Two programs wrote "emalloc" as:

    void *
    emalloc(size_t s)
    {
        void * p;

        if ((p = malloc(s)) == NULL)
            errx(1, NULL);
        bzero(p, s);  (or memset(p, 0, s))
        return p;
    }

ie, they rolled their own calloc().  That is a pestimazation as your libc
may easily have a platform-specific optimized one.  And the name emalloc
implies malloc, not calloc semantics.  So it is misleading to the reader.

Which leads to the issue of someone not knowing emalloc is used in a
particular program (or estrdup), so they use straight malloc or strdup --
breaking coherence w/in the program.  (yes I found cases of this)
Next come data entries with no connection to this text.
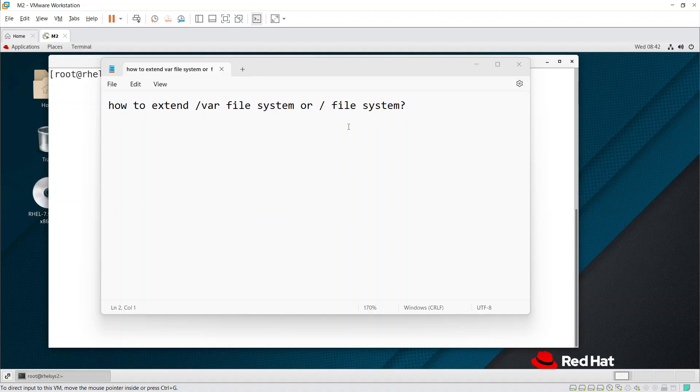Hi guys, today in this video we are going to learn how to extend the /var file system.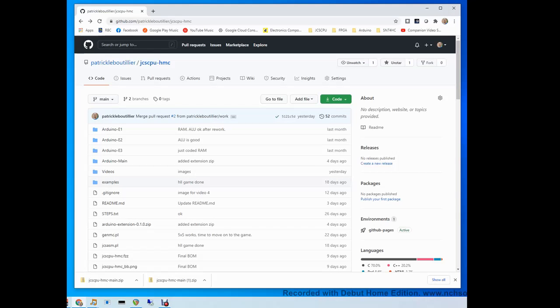Hi guys and welcome to this 10th video in the But How Do It Know companion video series. Today we're going to be learning how to program the Arduino devices that we're going to be using in the project.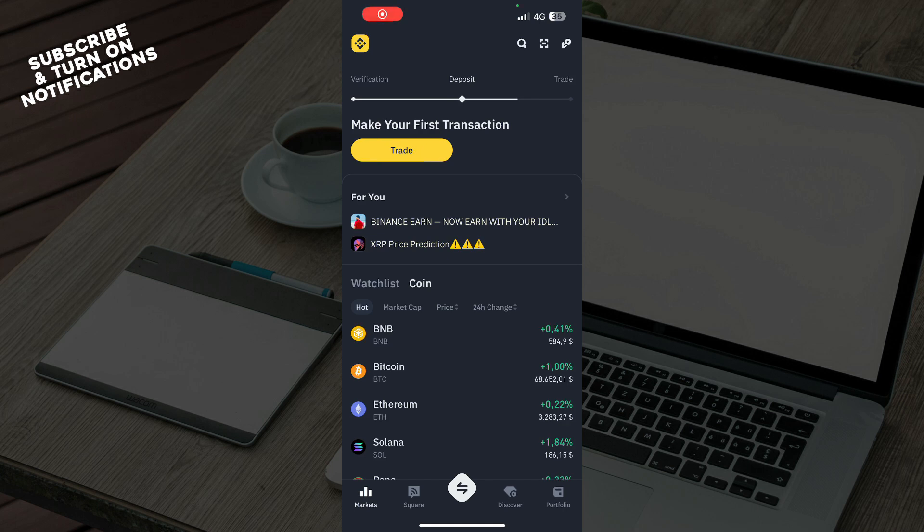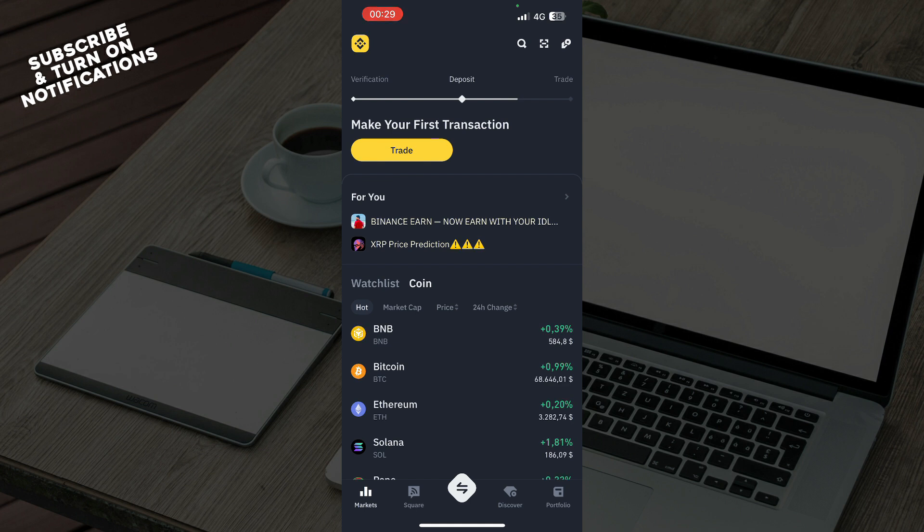Hello and welcome back to this channel. Today I'll be showing you how to set up biometric authentication on Binance. The first thing you need to do is go to the Google Play Store or App Store and download the Binance application.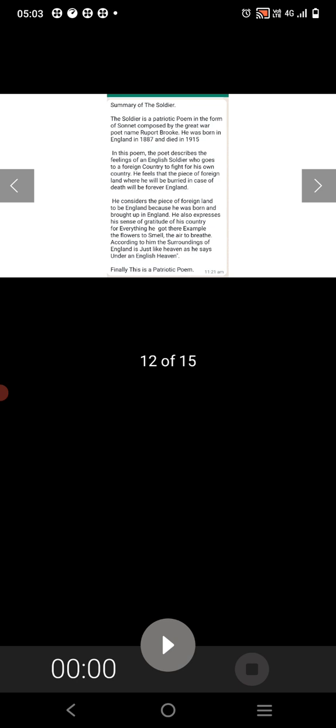He also expresses the sense of gratitude to his country for everything he got, for example, the flowers to smell, the air to breathe. According to him, the surroundings of England is just like heaven, as he says, under an English heaven. Finally, The Soldier is a patriotic poem.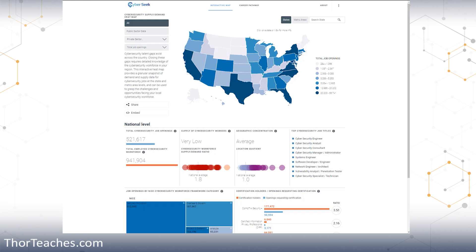Once we have that, then we can design the path backwards. It's the same when you do a goal for an organization. This is where we are, this is where we want to be, and then we work backwards. So I am here now, this is the job I want, these are the requirements for that job. How do I get from point A to point B?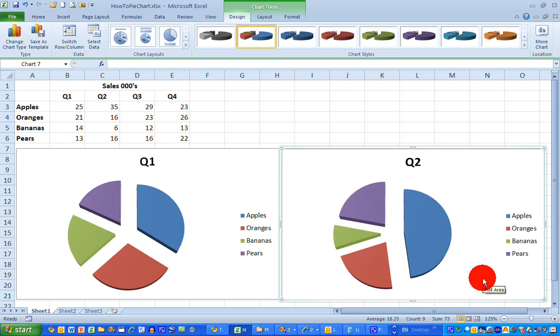Creating pie charts in Excel is relatively straightforward. I can now do the same for Q3 and Q4 and compare all four in my presentation. That's all you need to know to create a pie chart using, in this case, very simple data. You can use this method to expand on your data and create even more complicated pie charts that look very well in presentations. It will always look better than raw data presented in a table.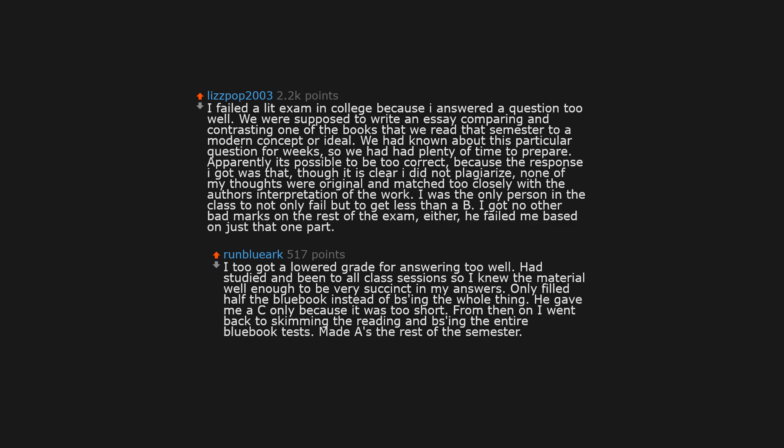I too got a lowered grade for answering too well. Had studied and been to all class sessions, so I knew the material well enough to be very succinct in my answers. Only filled half the blue book instead of BS-ing the whole thing. He gave me a C only because it was too short. From then on I went back to skimming the reading and BS-ing the entire blue book tests. Made A's the rest of the semester.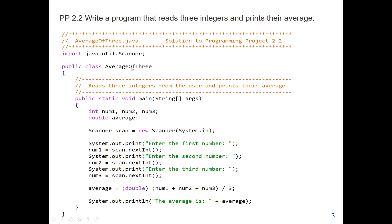Then we have our main class, and inside our main class we have our main method. This program is going to read three integer values, then print their average. So we declare three variables: num1, num2, num3. The data type is int, and int means a whole number. Then our result will have data type double, which means a decimal.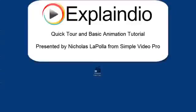Hi, this is Nick LaPolla with Simple Video Pro, and I'm here to show you the basics of how to use the Explaindio Video Creator. The installation guide shows how to install Explaindio, so I'll take it from there.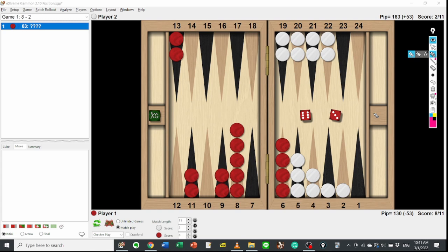Today, I'm going to discuss an interesting position from the match for UKBGF League Division 2 against Peter Bennett. He's a fantastic player and the board member of UKBGF.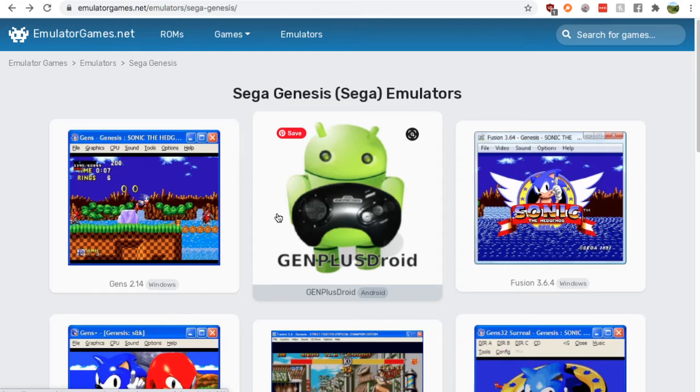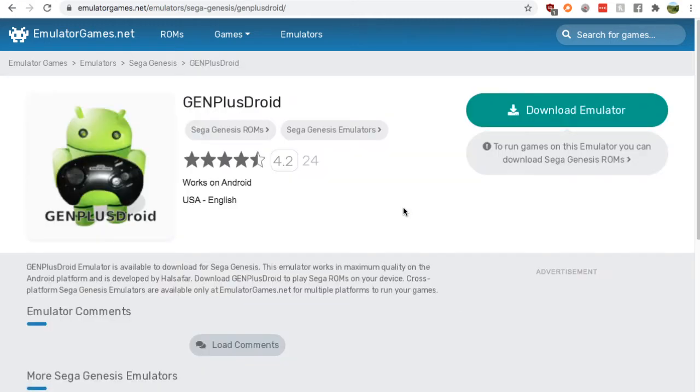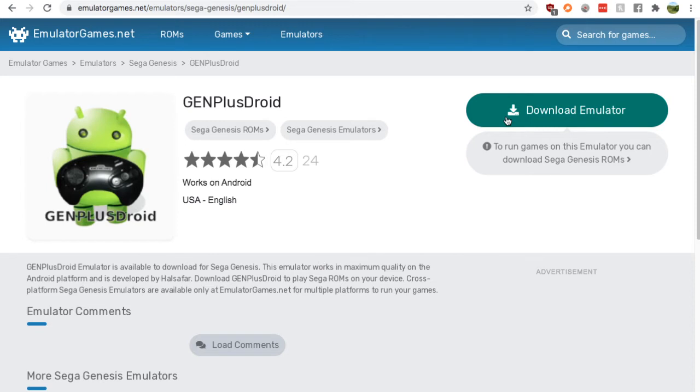Now there's only one for your Android so just click this, the Gen Plus Droid. You can see 24 people have rated this, reviewed it, and that's a 4.2 average out of 5. So click the download emulator and it's as simple as things can be, it's not that difficult whatsoever.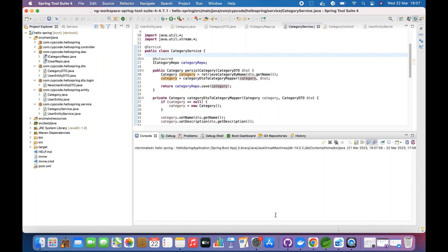Welcome to SubCode. Today we are looking into a design pattern, particularly the Singleton pattern. We want to look at what the Singleton design pattern is and how to implement it in Spring Boot. Let's get into the code.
Another case of "optimized" wrapper was the realloc one that didn't trust
that our libc was ANSI compliant, so it tested `p' for NULL and called
malloc if it was, else it went ahead and called realloc.  Since ANSI says
that is exactly how realloc must function, effectively we were testing
for a NULL `p' twice.  Again in this case, my change wasn't a
pessimization.  But rather it lead to easier to read and audit code.

Also, in all but the xlint case, I there were only a hand full of
"emalloc" uses.  So they were only saving a hand full of testing malloc's
return value, while adding the code overhead of another function call.